> **STUDY MATERIAL**
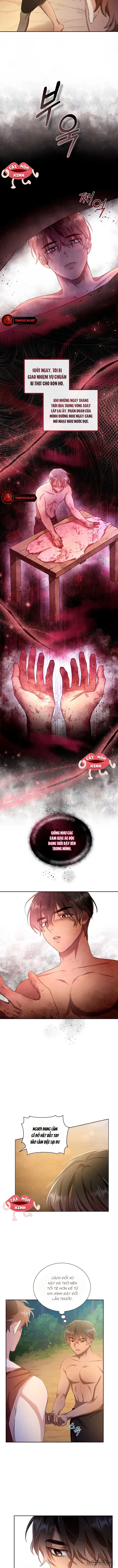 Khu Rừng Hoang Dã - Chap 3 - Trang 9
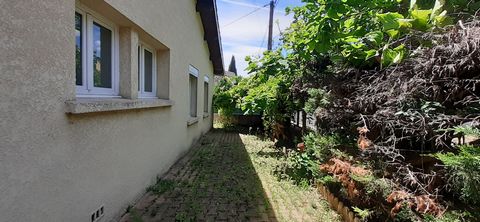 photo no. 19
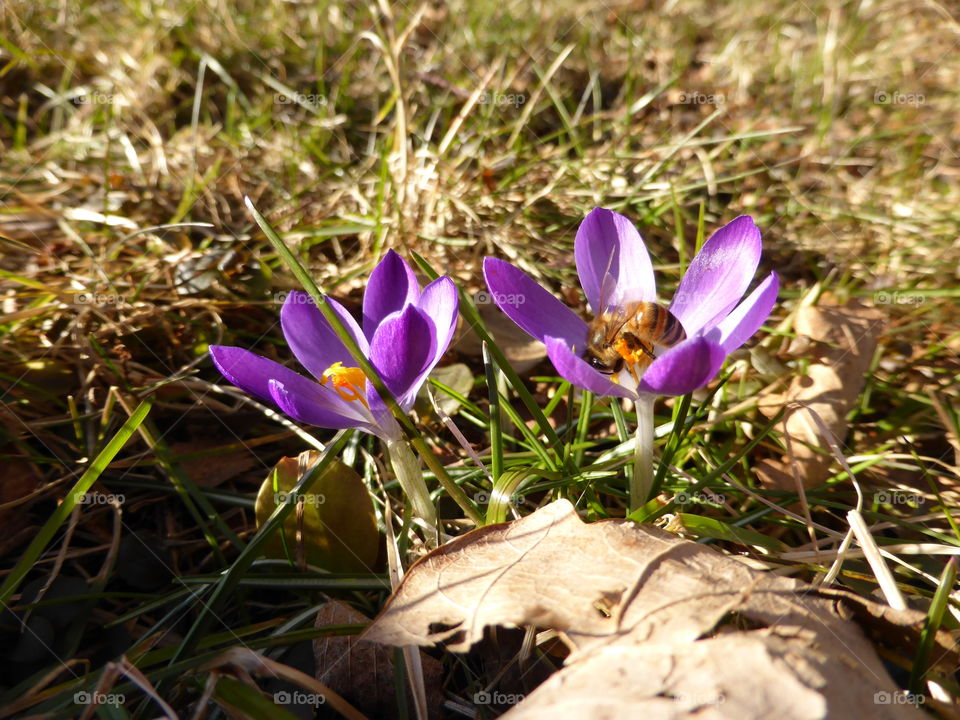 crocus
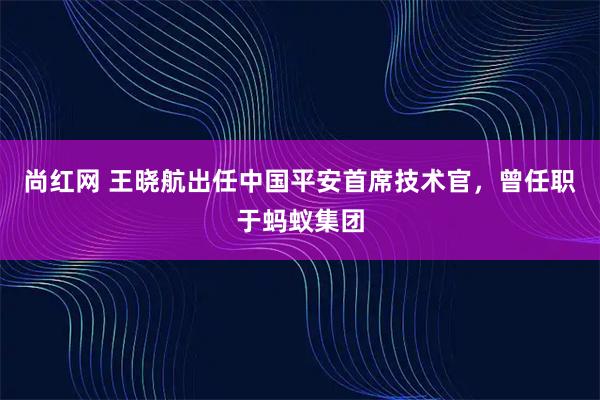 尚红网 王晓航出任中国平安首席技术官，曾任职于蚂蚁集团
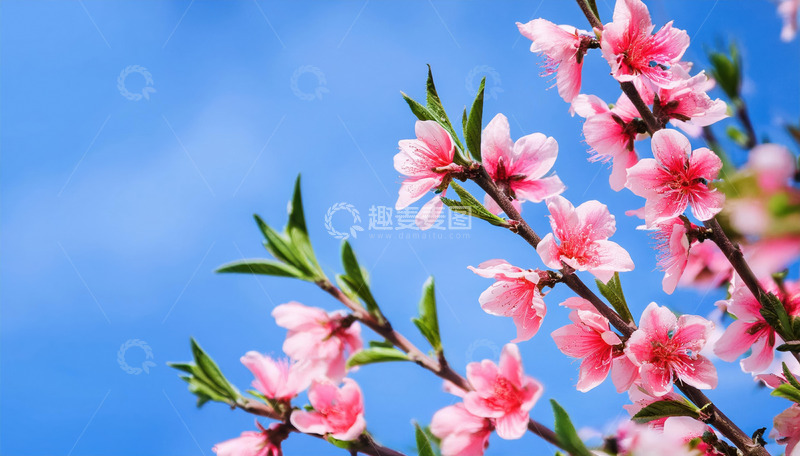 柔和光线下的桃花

> **WHAT YOU SHOULD DO**
Omit the pictures and set down the records exactly.

> **YOUR RESPONSE**
 Khu Rừng Hoang Dã - Chap 3 - Trang 9
 photo no. 19
 crocus
 尚红网 王晓航出任中国平安首席技术官，曾任职于蚂蚁集团
 柔和光线下的桃花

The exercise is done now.